**Extracted data:**
BEGIN
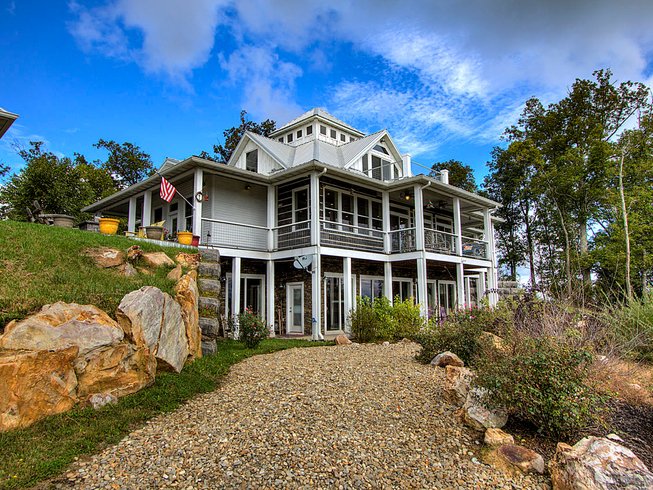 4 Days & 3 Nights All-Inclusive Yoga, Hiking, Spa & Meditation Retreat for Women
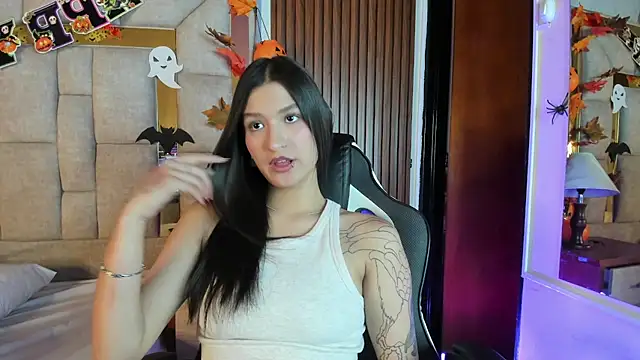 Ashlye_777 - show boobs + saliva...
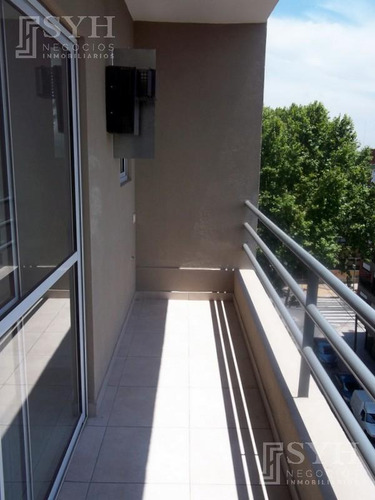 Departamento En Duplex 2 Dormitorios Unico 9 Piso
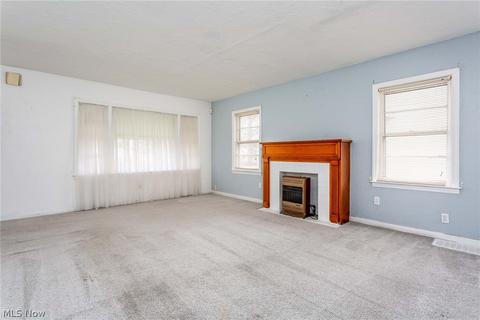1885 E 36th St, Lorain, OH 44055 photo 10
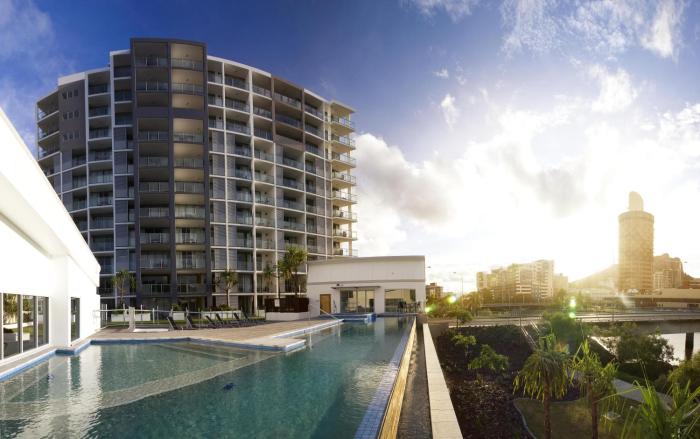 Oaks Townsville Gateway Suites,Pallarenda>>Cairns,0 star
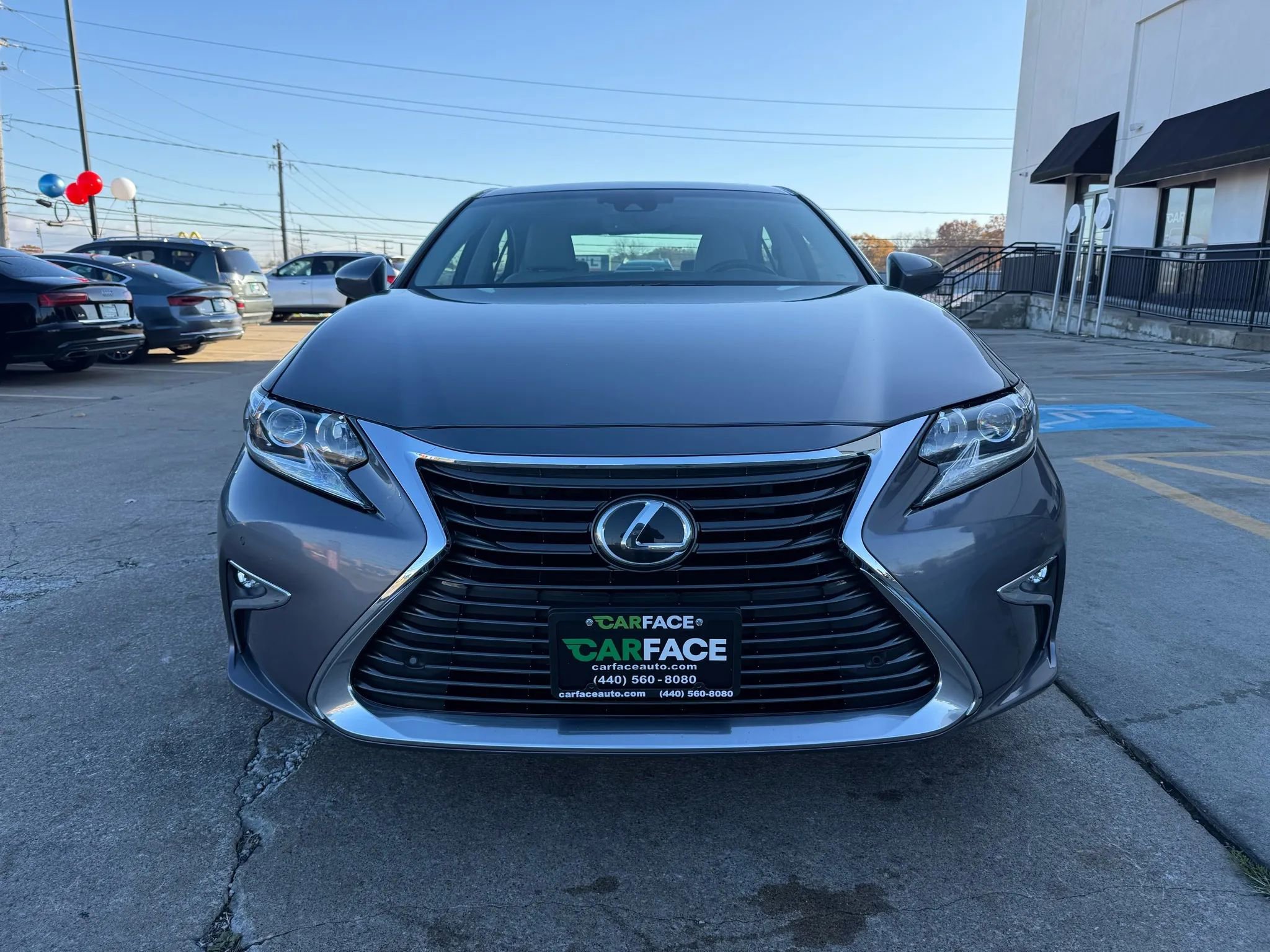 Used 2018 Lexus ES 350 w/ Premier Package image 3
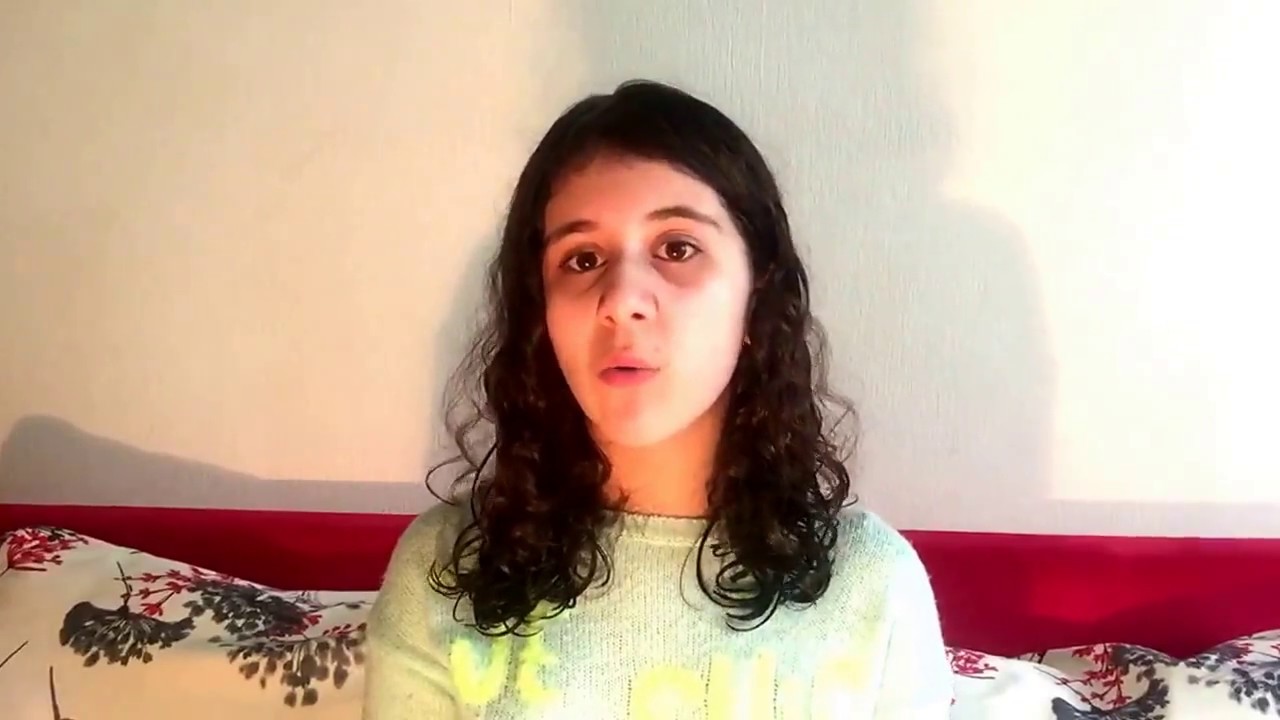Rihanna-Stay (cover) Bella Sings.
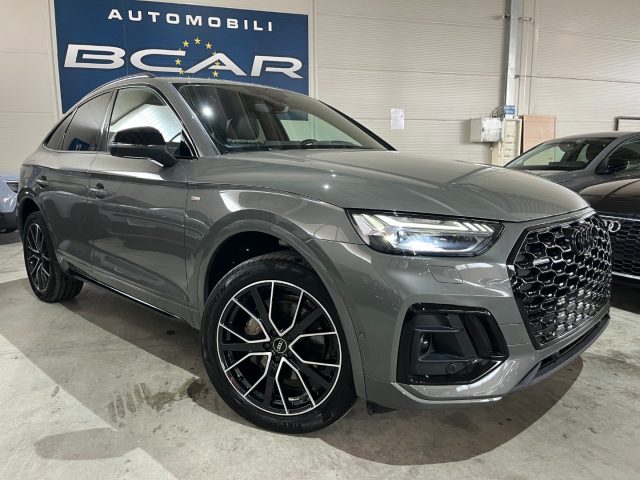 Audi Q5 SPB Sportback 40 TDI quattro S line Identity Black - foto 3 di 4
END
BEGIN
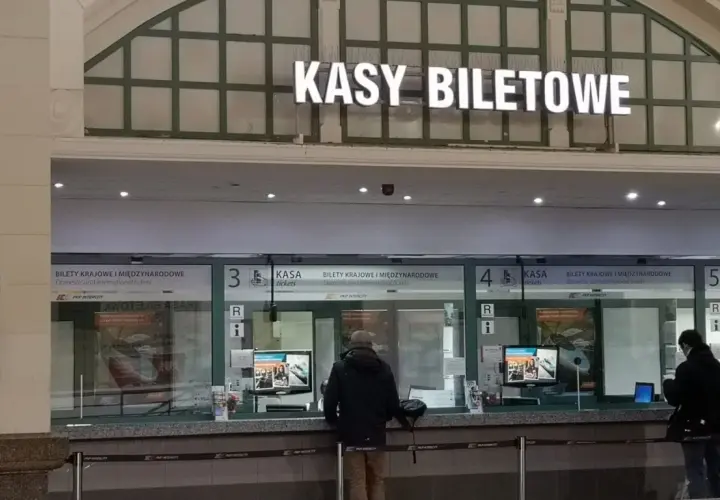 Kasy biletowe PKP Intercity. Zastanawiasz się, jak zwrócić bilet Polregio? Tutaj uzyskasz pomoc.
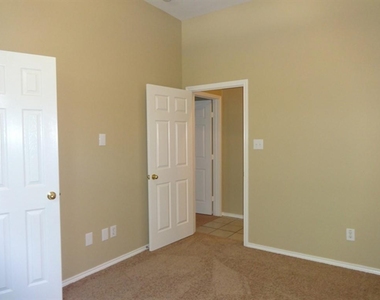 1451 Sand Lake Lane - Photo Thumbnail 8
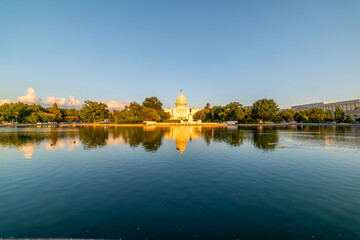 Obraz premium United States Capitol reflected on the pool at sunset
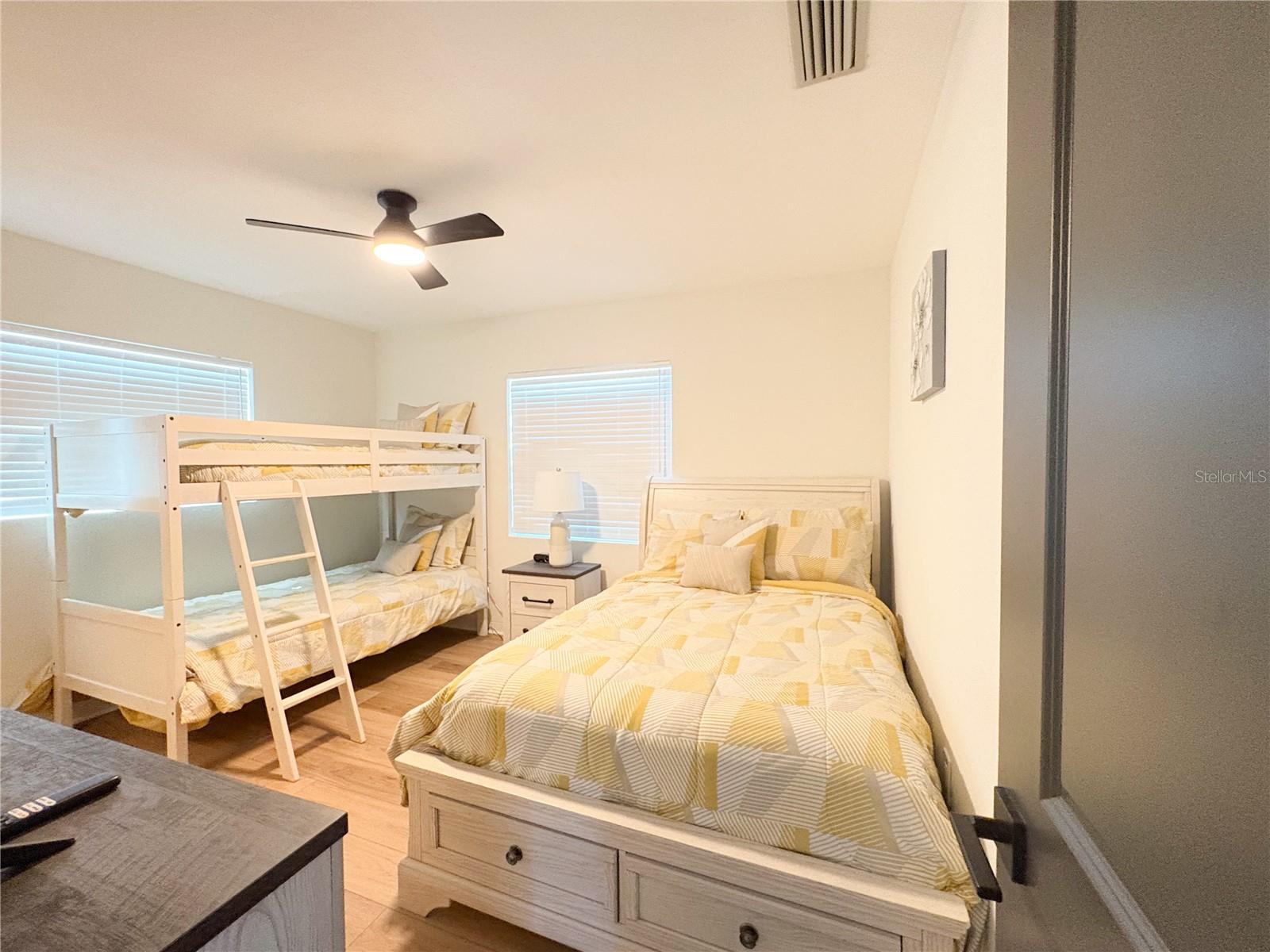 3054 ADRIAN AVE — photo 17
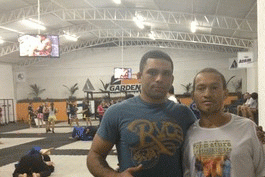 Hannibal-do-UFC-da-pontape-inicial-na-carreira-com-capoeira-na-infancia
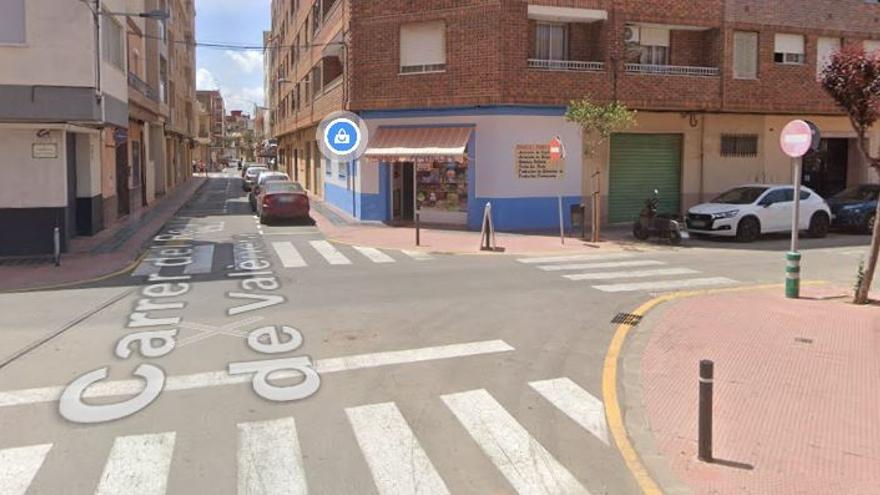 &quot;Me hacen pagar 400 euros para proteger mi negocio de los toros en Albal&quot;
END
BEGIN
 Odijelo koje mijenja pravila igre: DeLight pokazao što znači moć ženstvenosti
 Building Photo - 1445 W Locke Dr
END
**What you should do:**
From the listing above, restate verbatim the lines running from the one with "1885 E 36th St, Lorain, OH 44055 photo 10" through the one with "Audi Q5 SPB", inclusive, but not the pictures.

**Solution to this problem:**
1885 E 36th St, Lorain, OH 44055 photo 10
 Oaks Townsville Gateway Suites,Pallarenda>>Cairns,0 star
 Used 2018 Lexus ES 350 w/ Premier Package image 3
Rihanna-Stay (cover) Bella Sings.
 Audi Q5 SPB Sportback 40 TDI quattro S line Identity Black - foto 3 di 4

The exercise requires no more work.